Petitioner Jaime Tapia Perea has filed a Second Amended Petition for Writ of Habeas Corpus pursuant to 28 U.S.C. § 2254, challenging his conviction for second degree burglary in Imperial County Superior Court case number JCF22575. (Second Am. Pet. 1, ECF No. 9.*fn1 ) Respondent has filed a Motion to Dismiss Second Amended Petition, arguing that it was filed beyond the statute of limitations and is unexhausted. (Mot. Dismiss 1-2, ECF No. 12; id. Attach. #1 Mem. P. & A. 2-9.)

The Court has considered the Second Amended Petition, Respondent's Motion to Dismiss and Memorandum of Points and Authorities in Support of the Motion to Dismiss, Petitioner's Opposition to the Motion, the lodgments submitted by Respondent, and all other supporting documents submitted by the parties. For the reasons set forth below, the Motion to Dismiss is DENIED.

II. FACTUAL AND PROCEDURAL BACKGROUND

Perea pleaded no contest to second degree burglary on October 20, 2008. (See Lodgment No. 1, People v. Perea, No. JCF22575 (Imperial Super. Ct.
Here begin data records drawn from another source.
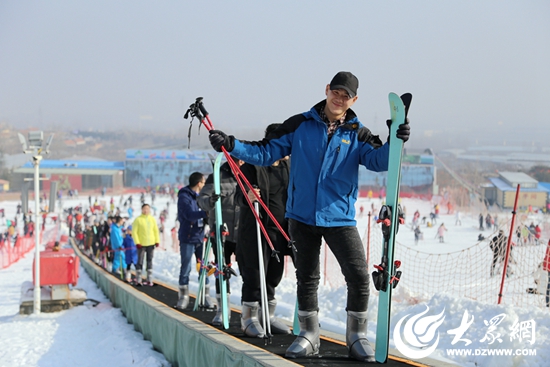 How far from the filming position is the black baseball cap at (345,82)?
164 inches

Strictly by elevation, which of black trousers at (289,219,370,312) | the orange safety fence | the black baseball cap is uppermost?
the black baseball cap

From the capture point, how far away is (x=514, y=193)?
66.8 m

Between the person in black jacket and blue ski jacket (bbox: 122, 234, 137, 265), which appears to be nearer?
Result: the person in black jacket

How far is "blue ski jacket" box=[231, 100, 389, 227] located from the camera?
4.18 m

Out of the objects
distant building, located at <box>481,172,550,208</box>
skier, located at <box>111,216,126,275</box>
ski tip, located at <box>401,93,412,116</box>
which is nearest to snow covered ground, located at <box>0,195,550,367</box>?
ski tip, located at <box>401,93,412,116</box>

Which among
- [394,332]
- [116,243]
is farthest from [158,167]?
[394,332]

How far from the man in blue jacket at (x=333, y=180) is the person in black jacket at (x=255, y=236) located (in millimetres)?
1091

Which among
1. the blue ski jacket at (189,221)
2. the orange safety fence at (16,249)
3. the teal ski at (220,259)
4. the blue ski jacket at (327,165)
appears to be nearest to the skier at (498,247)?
the blue ski jacket at (189,221)

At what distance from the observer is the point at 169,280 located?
14891 millimetres

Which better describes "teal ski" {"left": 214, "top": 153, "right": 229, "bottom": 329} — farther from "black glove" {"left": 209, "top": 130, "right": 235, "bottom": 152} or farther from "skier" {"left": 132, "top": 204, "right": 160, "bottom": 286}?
"skier" {"left": 132, "top": 204, "right": 160, "bottom": 286}

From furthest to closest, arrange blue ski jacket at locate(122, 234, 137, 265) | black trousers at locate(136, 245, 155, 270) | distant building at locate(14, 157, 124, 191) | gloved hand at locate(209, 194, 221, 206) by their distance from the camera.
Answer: distant building at locate(14, 157, 124, 191) → blue ski jacket at locate(122, 234, 137, 265) → black trousers at locate(136, 245, 155, 270) → gloved hand at locate(209, 194, 221, 206)

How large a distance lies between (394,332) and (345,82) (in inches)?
110

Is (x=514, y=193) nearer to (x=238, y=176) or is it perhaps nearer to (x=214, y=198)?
(x=214, y=198)

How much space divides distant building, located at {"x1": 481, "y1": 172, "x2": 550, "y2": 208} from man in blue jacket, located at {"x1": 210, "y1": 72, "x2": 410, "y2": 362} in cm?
6470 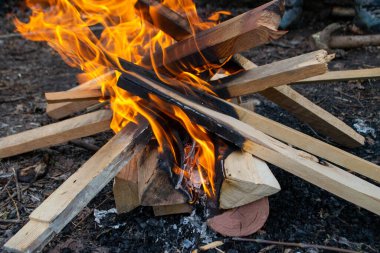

Oct. 20, 2008) (plea of guilty/no contest --felony).) On November 19, 2008, he was sentenced in accordance with the plea agreement to the middle term of two years in state prison, the execution of which was suspended, and placed on three years of formal probation. (Id. (superior court minutes, Nov. 19, 2008).) As conditions of probation, Perea was ordered to serve ninety days in the county jail and pay restitution in the amount of $3,000.00. (Id. at 16.) A restitution hearing was set for December 17, 2008. (Id. at 17.)

The court minutes from the December 17, 2008 hearing reflect that a memorandum from the probation department was submitted to the court; Perea asked for and received a continuance of the restitution hearing until January 21, 2009. (Id. (superior court minutes, Dec. 17, 2008).) Another continuance of the restitution hearing was granted on January 21, 2009; the continued hearing was set for March 5, 2009. (Id. (superior court minutes, Jan. 21, 2009).)

On March 5, 2009, the superior court noted it had received a "court order filed on 3/2/09, in defendant's habeas writ proceeding in Superior Court case EHC01114 . . . ." (Id. (superior court minutes, Mar. 5, 2000).) The order reads as follows:

Petitioner initiated this action by a petition filed January 15, 2009. Petitioner seeks to withdraw a plea of no contest entered in this court on October 20, 2008 in case No. JCF 22575. Petitioner alleges perjury by the victim.

Petitioner was sentenced pursuant to his plea on November 10, 2008. A restitution hearing is scheduled for March 11, 2009 at the jail division of this Court.

The Court finds that petitioner has failed to make out a prima facie showing of entitlement to relief under habeas corpus law. For that reason, the petition is DENIED.

The matter is referred to the trial court for a determination as to whether the petition may be treated as a motion pursuant to Penal Code section 1118.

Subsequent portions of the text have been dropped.